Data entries
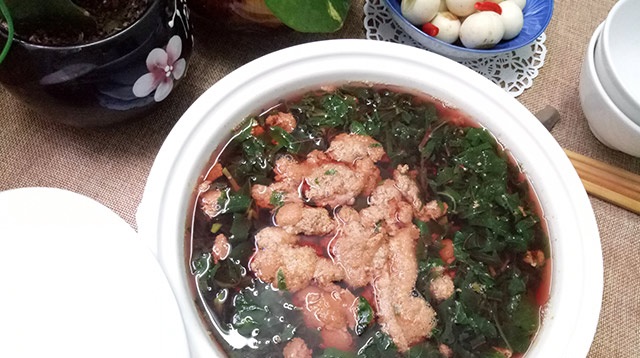 Cách nấu canh cua rau dền Cách nấu canh cua rau dền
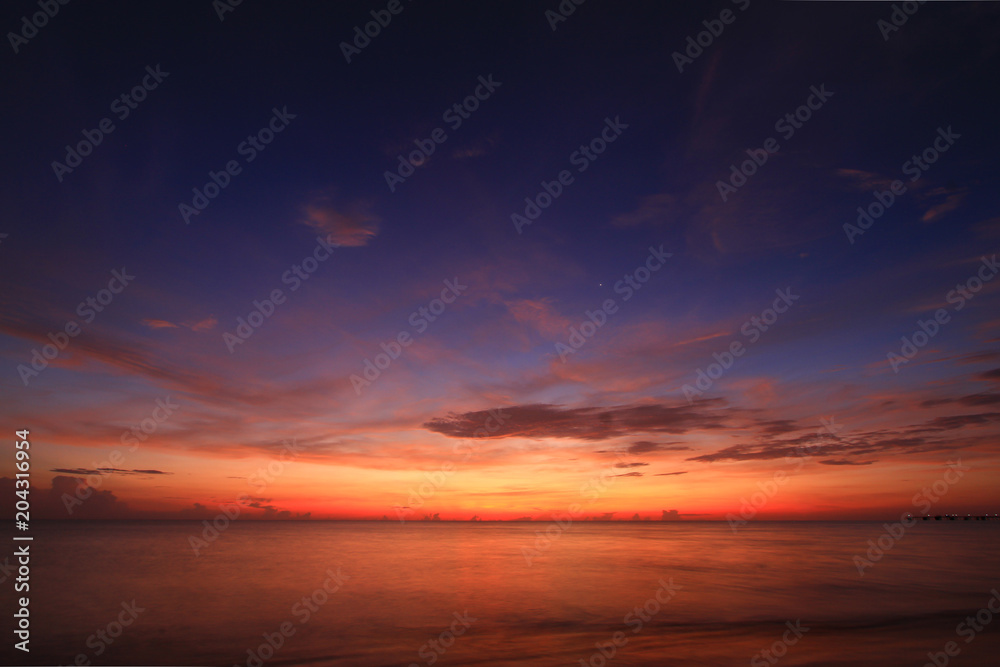 Beautiful sky on twilight time for background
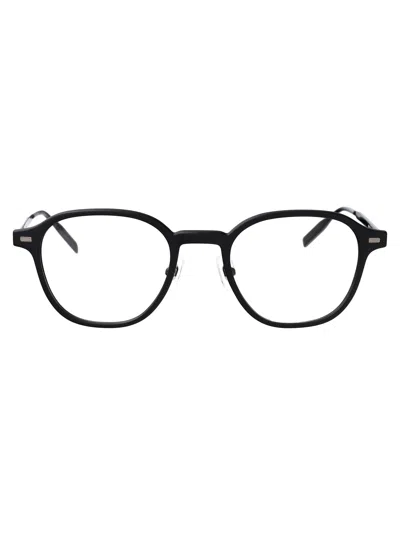 MONTBLANC MONTBLANC BLACK-BLACK-TRANSPARENT RECYCLED INJECTION GLASSES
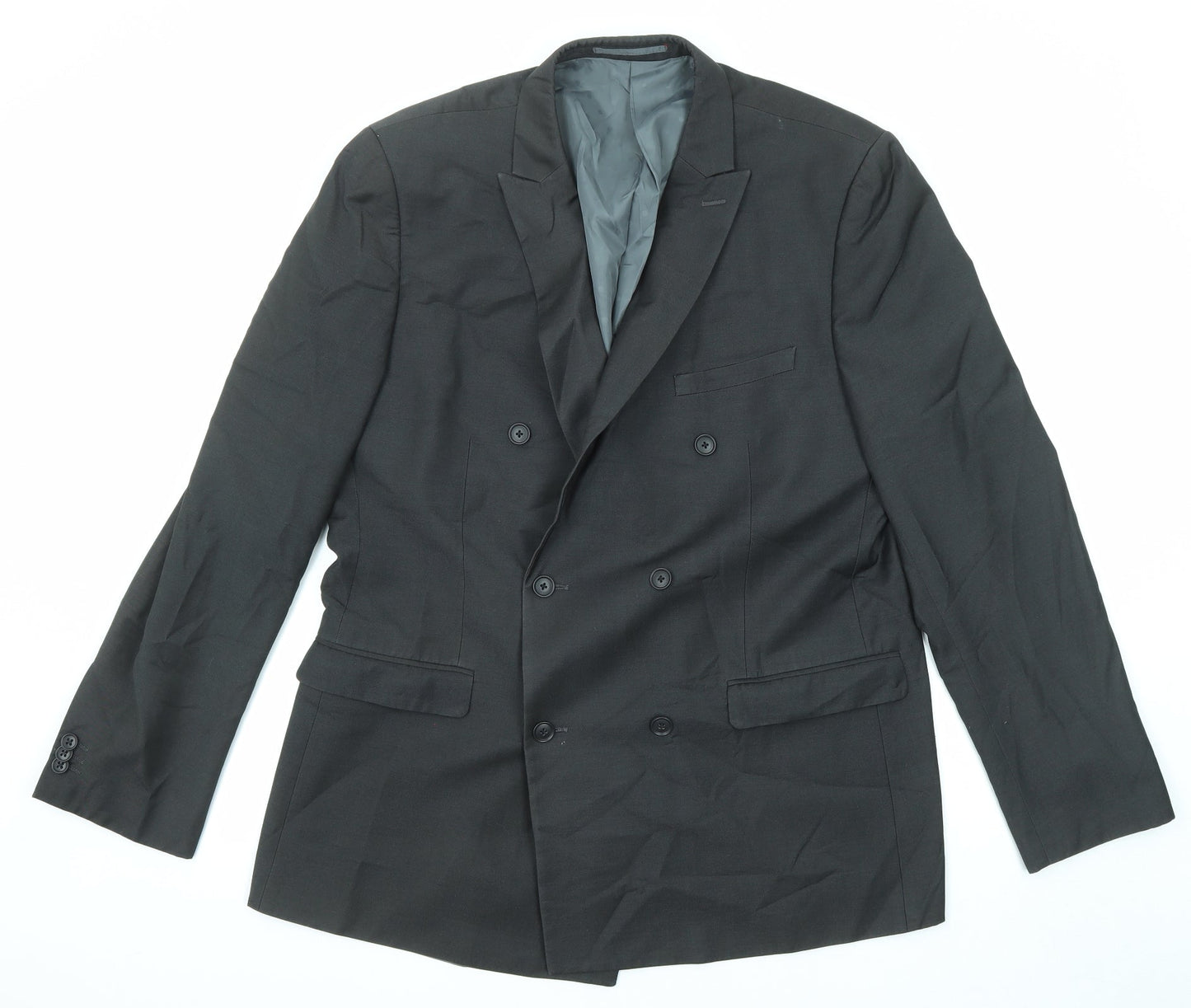 Mens UK Size 44 Red Herring Regular Grey Suit Jacket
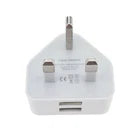 Premium UK 3-Pin USB Wall Charger 1 Port Power Adapter Mains Plug For Tab&Phones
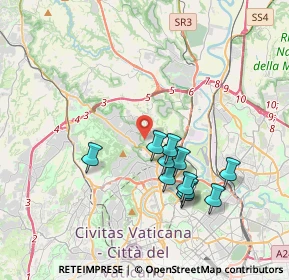 Mappa Via Manziana, 00189 Roma RM, Italia (3.58727)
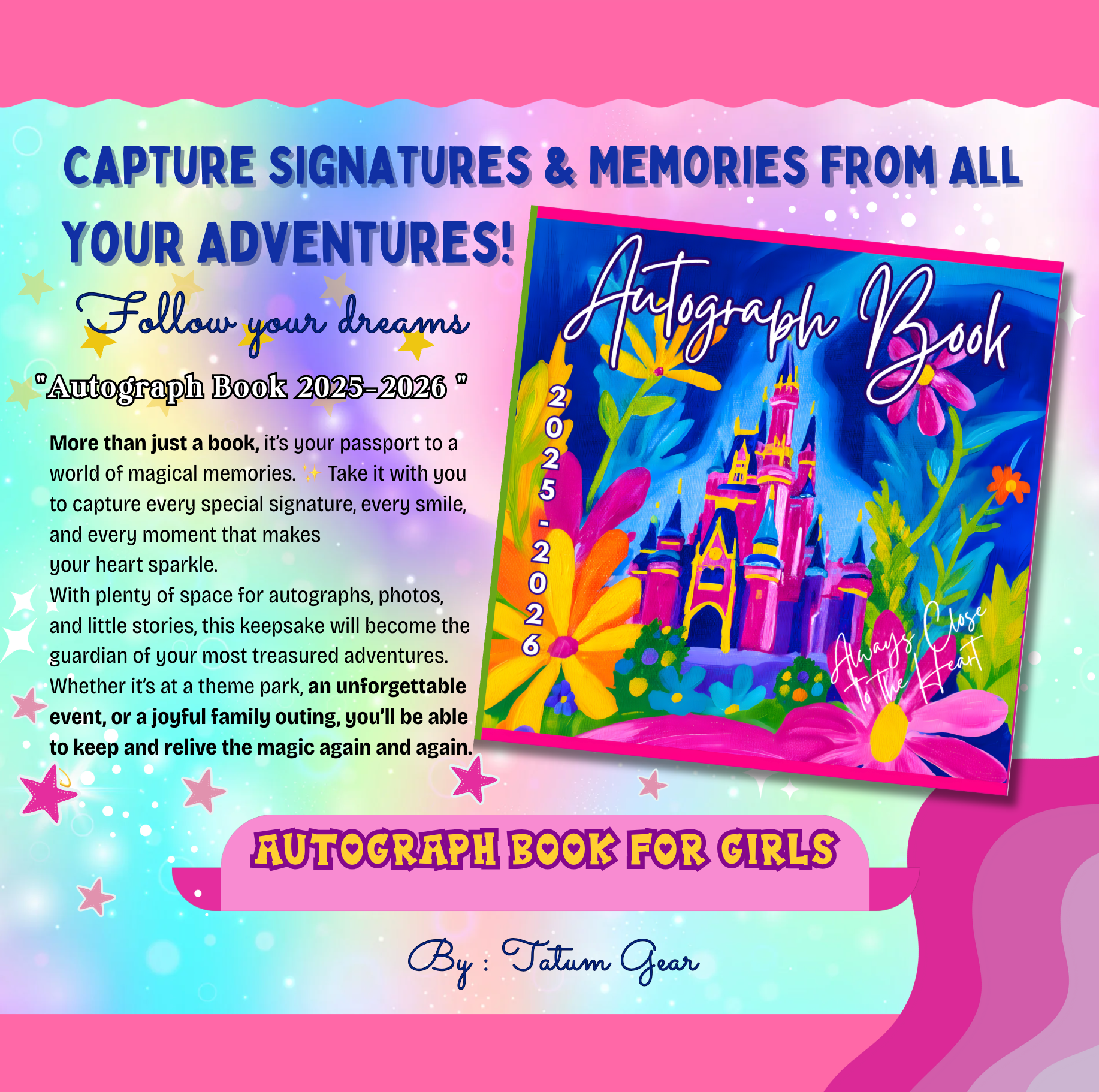 Magical Autograph Book 2025–2026: A Keepsake for Kids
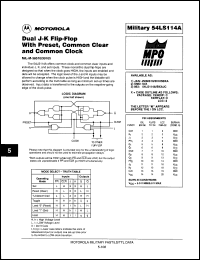 Click here to download 54LS114A/BDAJC Datasheet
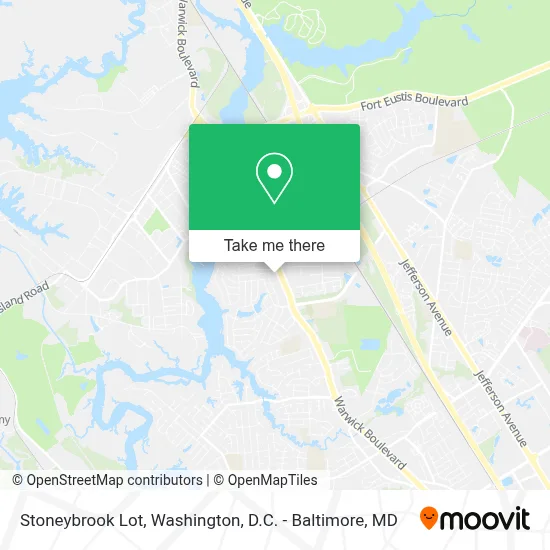 Stoneybrook Lot map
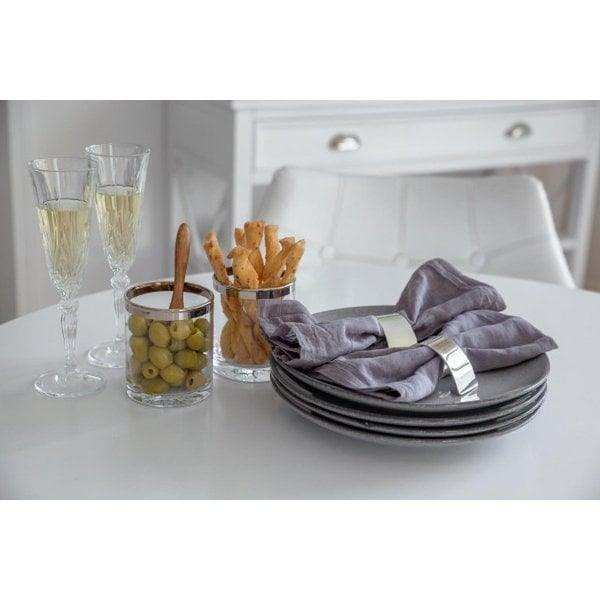 2er Set Serviettenringe Volute edel versilbert - HomeDesign Knaus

ACTIVITY:
After locating the line with "Stoneybrook Lot map", transcribe it and the rest of the data above exactly as written, without any picture.

RESPONSE FOR THIS EXERCISE:
 Stoneybrook Lot map
 2er Set Serviettenringe Volute edel versilbert - HomeDesign Knaus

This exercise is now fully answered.